** Information supplied **
▼▼▼

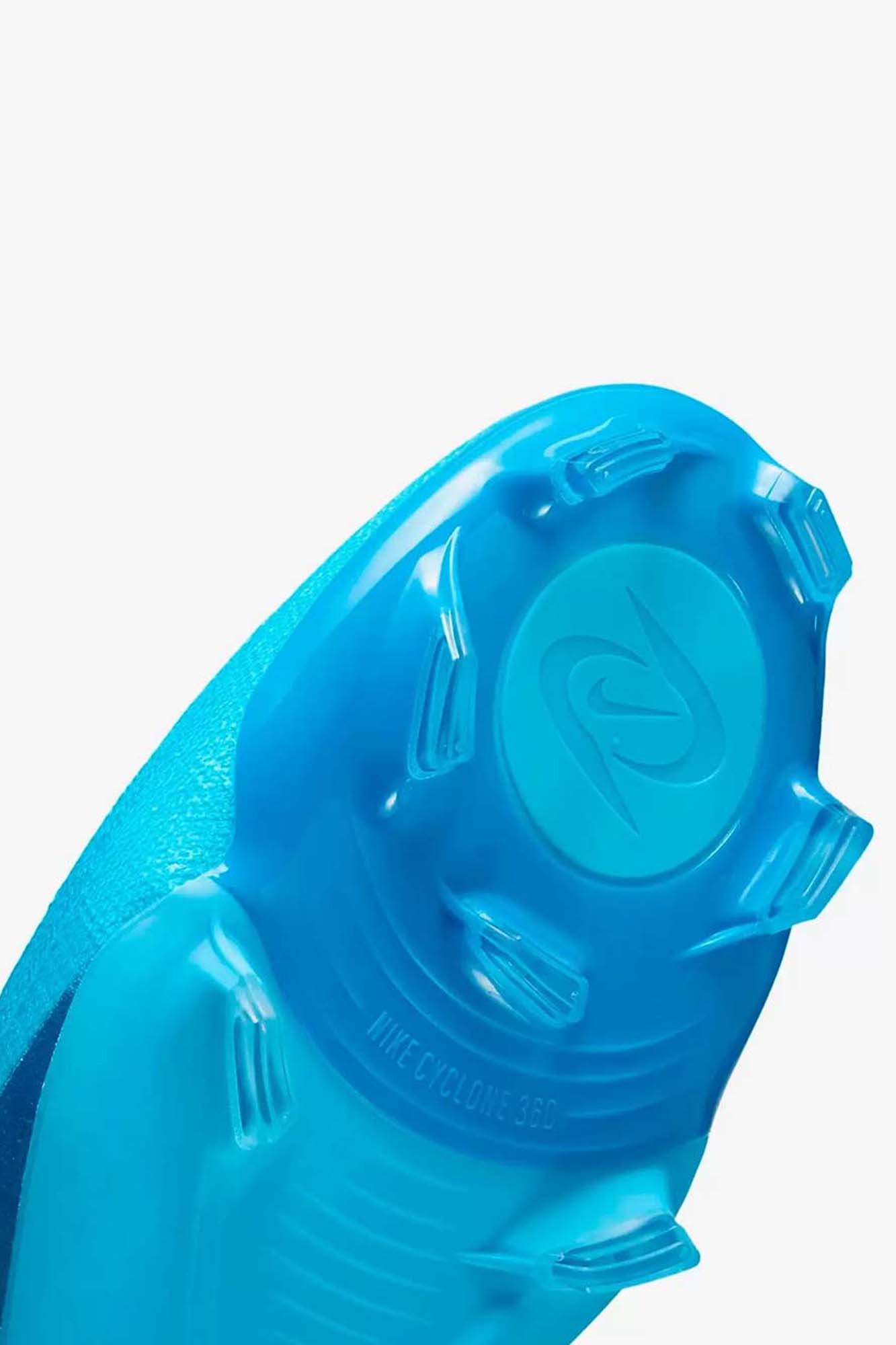 Футбольные бутсы Nike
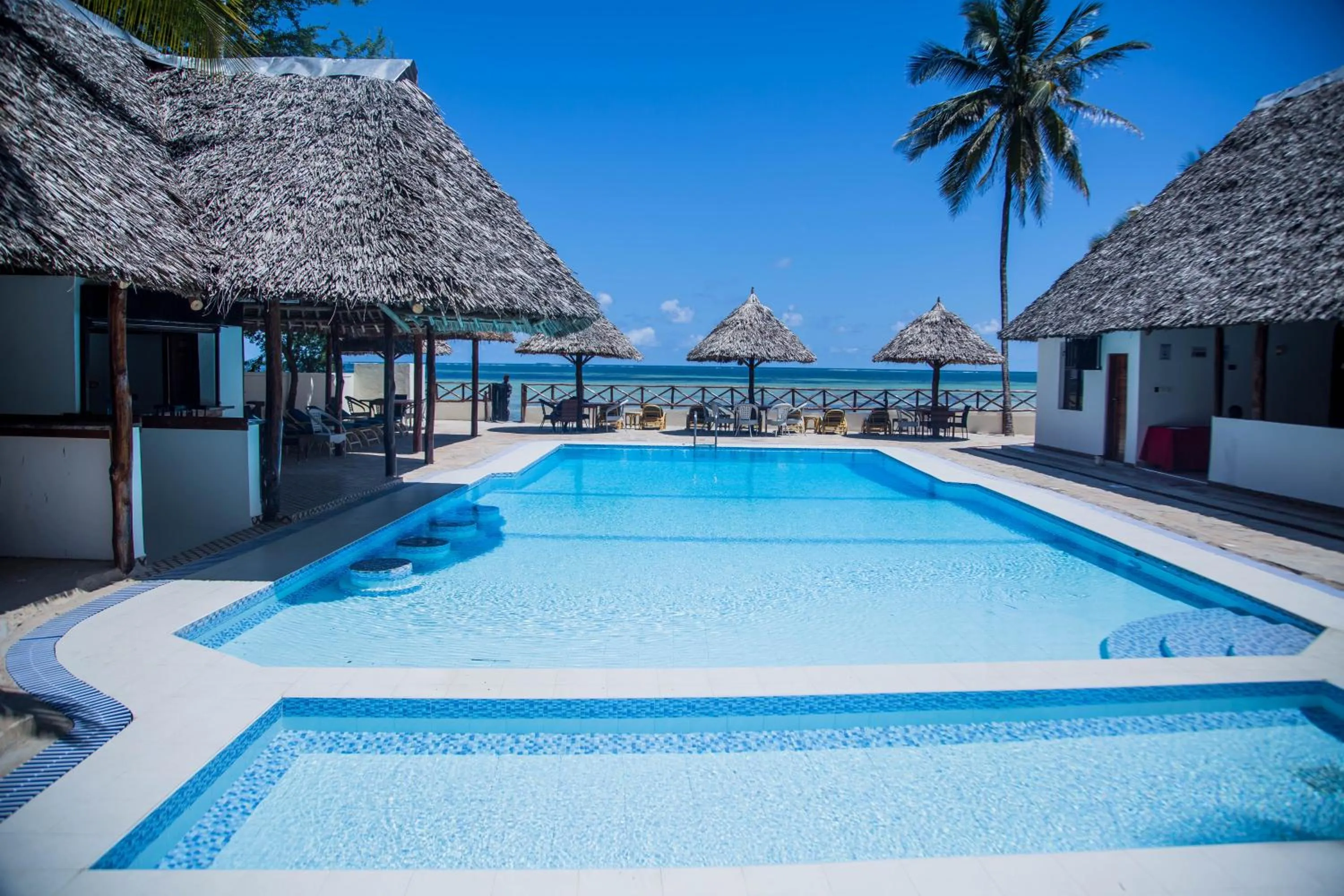 Swimming pool in Sheratton Beach Villagio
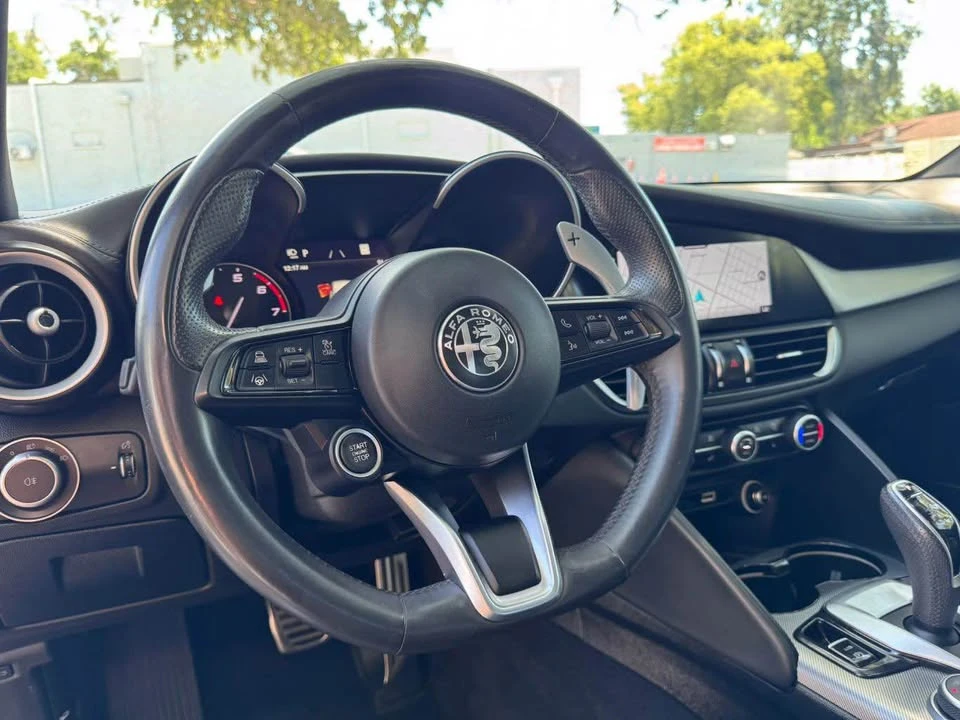 2023 Alfa Romeo Giulia - Image 7 of 12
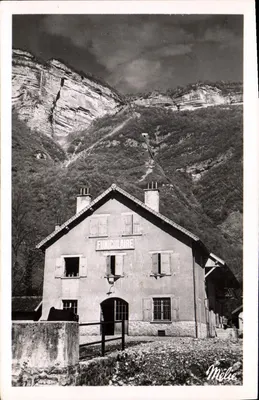 Saint-Hilaire-du-Touvet — O Funicular (maior inclinação da Europa, 83 %) — Edições S.P.A. Paris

▲▲▲

** Task to complete **
Extract the run of lines from the line holding "Swimming pool in Sheratton Beach Villagio" through the final line of the material above, exactly and inclusively. Leave the pictures behind.

** Solution for this exercise **
 Swimming pool in Sheratton Beach Villagio
 2023 Alfa Romeo Giulia - Image 7 of 12
 Saint-Hilaire-du-Touvet — O Funicular (maior inclinação da Europa, 83 %) — Edições S.P.A. Paris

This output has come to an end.